Entre e fique à vontade

redacao 29 de setembro de 2014 0

Foto: Jonathan Higino

CLAUDIA MATARAZZO FALA SOBRE O PRAZER DE RECEBER BEM EM CASA.

Pode parecer brincadeira, mas quantas vezes você já se pegou pensando: ‘Vou receber em casa e, agora, o que usar?’, ‘Devo abrir o vinho que me trouxeram?’ ou ‘O que servir?’ É, e as perguntas não param por aí, acaba sendo inevitável não ser rondado pela tal insegurança de abrir as portas de seu lar para receber amigos e, até mesmo, familiares. Pensando nesses questionamentos, a revista Em Dia traz nesta edição dicas da jornalista especializada em moda, comportamento e etiqueta Cláudia Matarazzo para que você não erre na hora de recepcionar seus convidados. Com muita objetividade, simpatia e elegância, ela conversou com a equipe da revista em seu apartamento. Leia agora a opinião da especialista na arte de receber!

“ENTREI NA FACULDADE DE JORNALISMO NOS ANOS 1970, EU ERA TOTALMENTE ALTERNATIVA, HIPPIE, DENTRO DE UMA FAMÍLIA COMPLETAMENTE CONSERVADORA. ATÉ HOJE ELES DÃO RISADA E DIZEM: ‘ELA É ESPECIALISTA EM ETIQUETA, TEM 16 LIVROS SOBRE O ASSUNTO’. E BRINCO: ‘VOCÊS VÃO TER QUE ME ENGOLIR”.

DO TELEFONE AO WHATSAPP
• “Hoje estamos nessa ‘onda’ do Facebook, em que as pessoas acabam convidando para um evento por lá. Mas não é recomen­dado, nem sempre a pessoa vai abrir o Facebook naquele dia. Fica aquela coisa de: ‘Você não viu? Eu mandei!’ Acho que o Face é apenas para refor­çar, por isso o ideal é ligar. Já o Whatsapp só para quem for muito amigo, aí tudo bem!”

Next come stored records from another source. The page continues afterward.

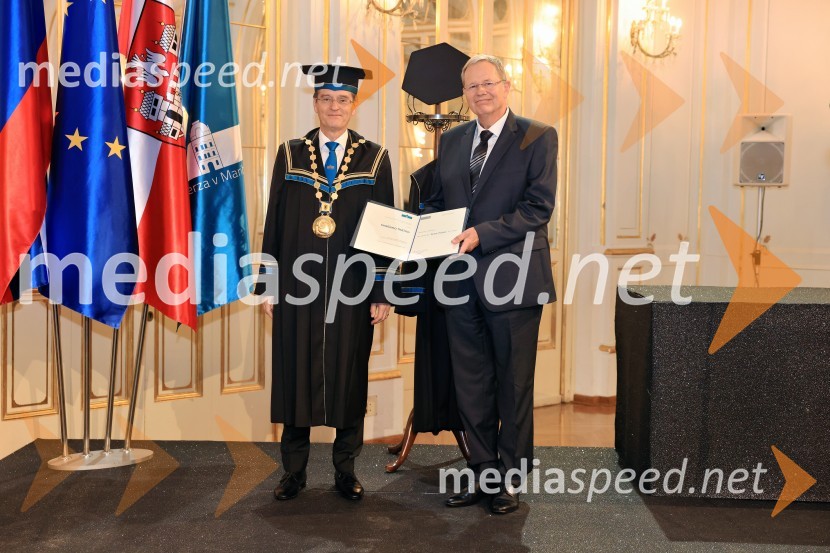 prof. dr. Zdravko Kačič, rektor Univerze v Mariboru; izr. prof. dr.  Artur Pahor, dr. med.Dan Univerze v Mariboru 2024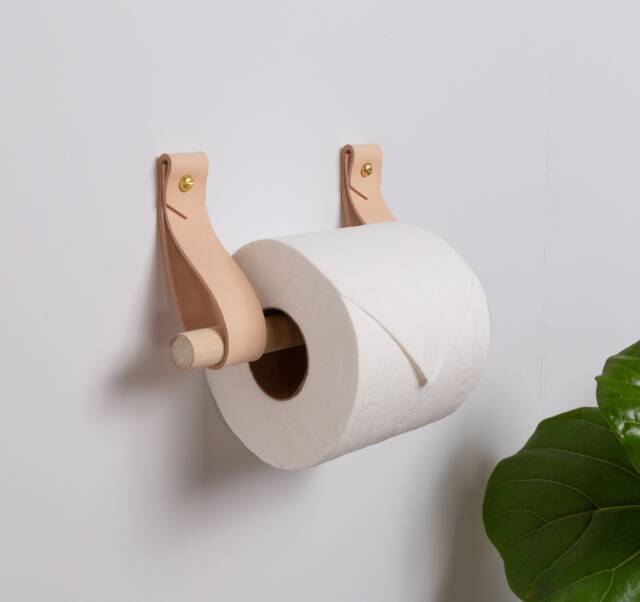 Leather Toilet Paper Holder Kit With Wood Dowel Walnut Or Birch Simple Loo Roll Holder Minimalist Leather Strap Hooks Rustic Bathroom Decor - image 1
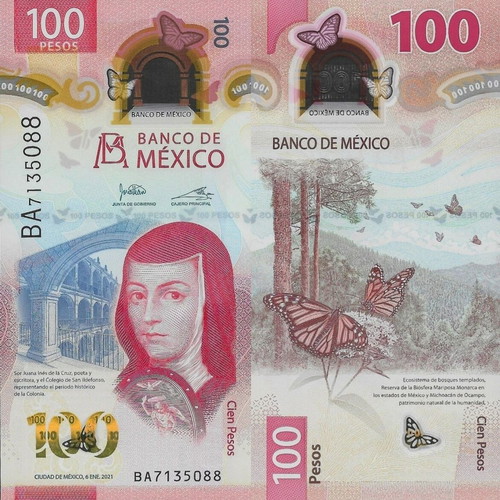 Mexico 100 Pesos Polymer Banknote 2021 New Design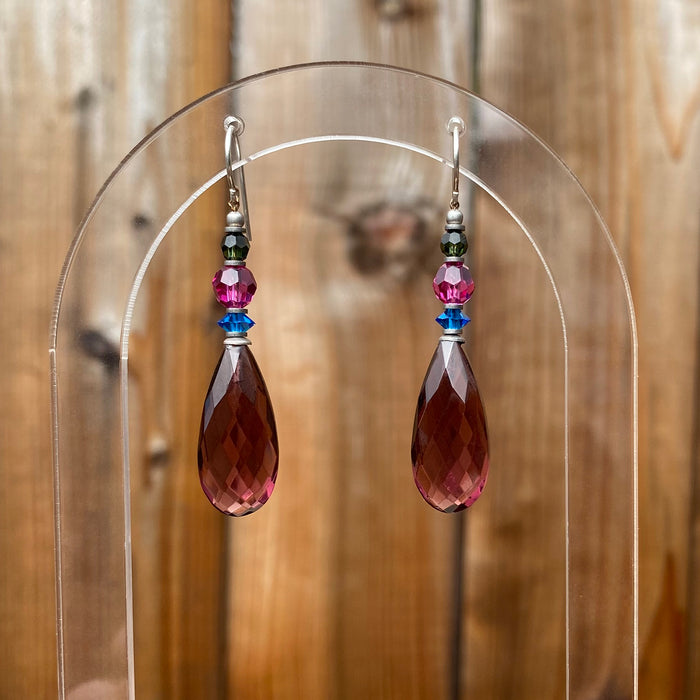 Owen Glass Collection Cabaret 9-inch amethyst glass dangle earrings with elegant, vibrant purple gemstone design.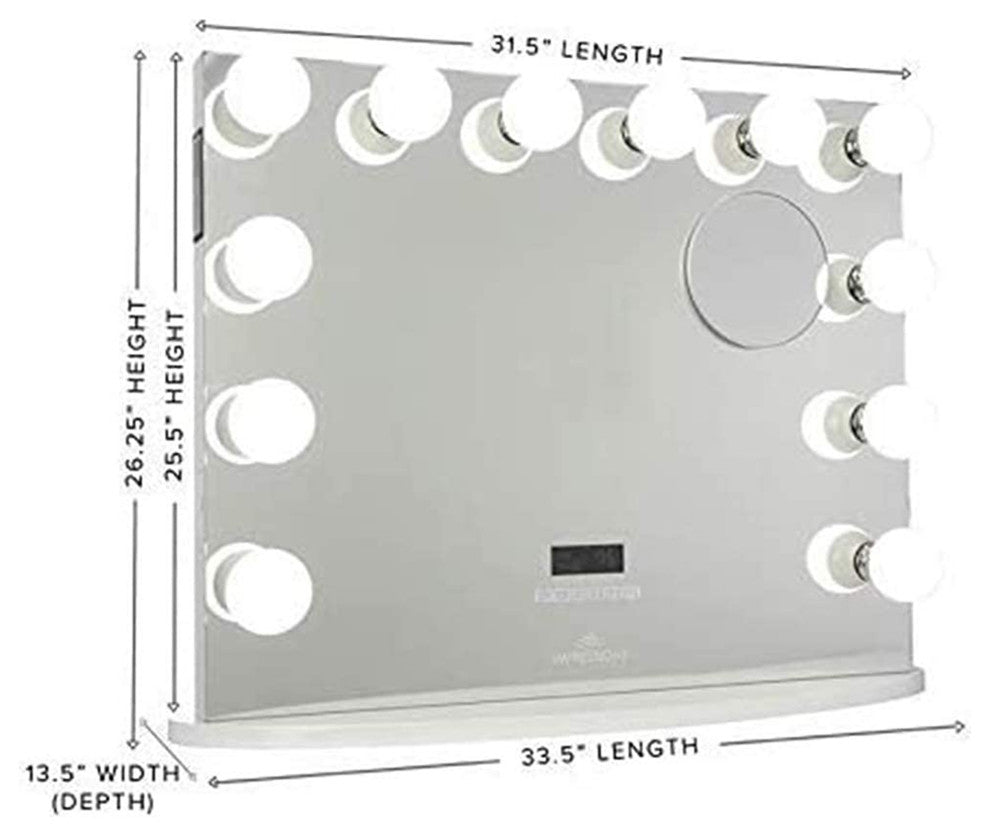 Hollywood Premiere Plus Vanity Mirror, White, Bluetooth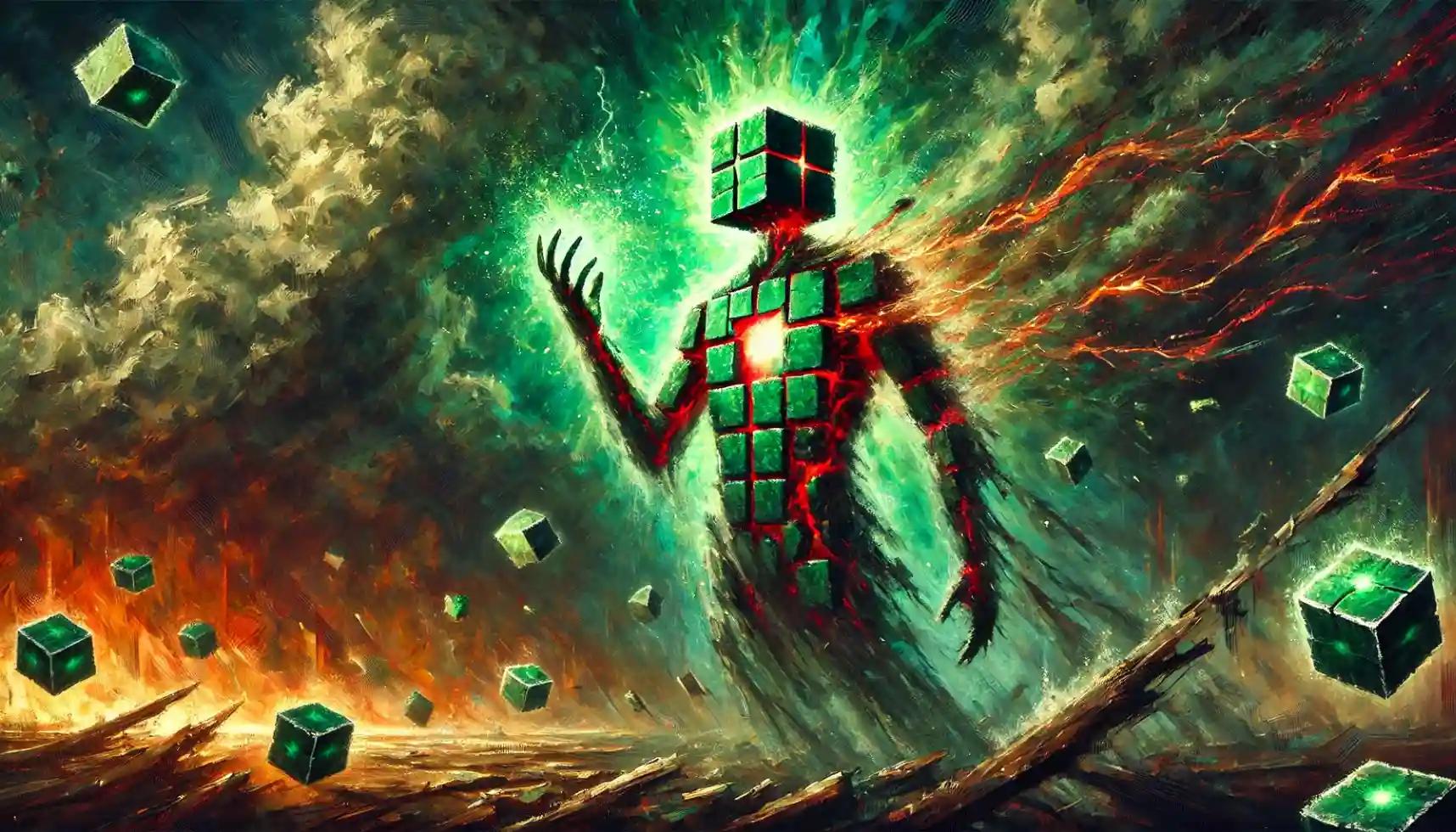 Dark oil-painted robot holding a flickering red-green crypto orb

CONVIDADOS NA MEDIDA CERTA
• “Para receber bem pelo menos 2/3 dos seus convidados devem estar sentados. Se ficar mais da metade em pé é incômodo. Por isso, é importante planejar o seu espaço. Depois disso, acho legal misturar pessoas, não pode ser sempre o mesmo grupo, senão fica muito chato. Acho que tem que ter uma coisa de timing da reunião. Então, se é um jantar não pode atrasar, as pessoas estão esperando para comer. Não adianta servir à meia-noite para o evento durar mais, se as pessoas chegaram às 21h. Aí o que acontece, todo mundo fica no aperitivo, bebe, está morrendo de fome, meio alto e aí na hora que come quer ir embora, porque já está com sono”.

O CONVIDADO ATRASOU, DEVO ESPERAR?
• “Se tem alguém atrasado, azar. Você deve acomodar todo mundo e aquela pessoa vai chegar, perceber que se atrasou, mas isso é consideração com quem chegou na hora. Você não pode deixá-los esperando uma hora e meia. Não há problema nenhum porque a falta de educação é de quem se atrasou”.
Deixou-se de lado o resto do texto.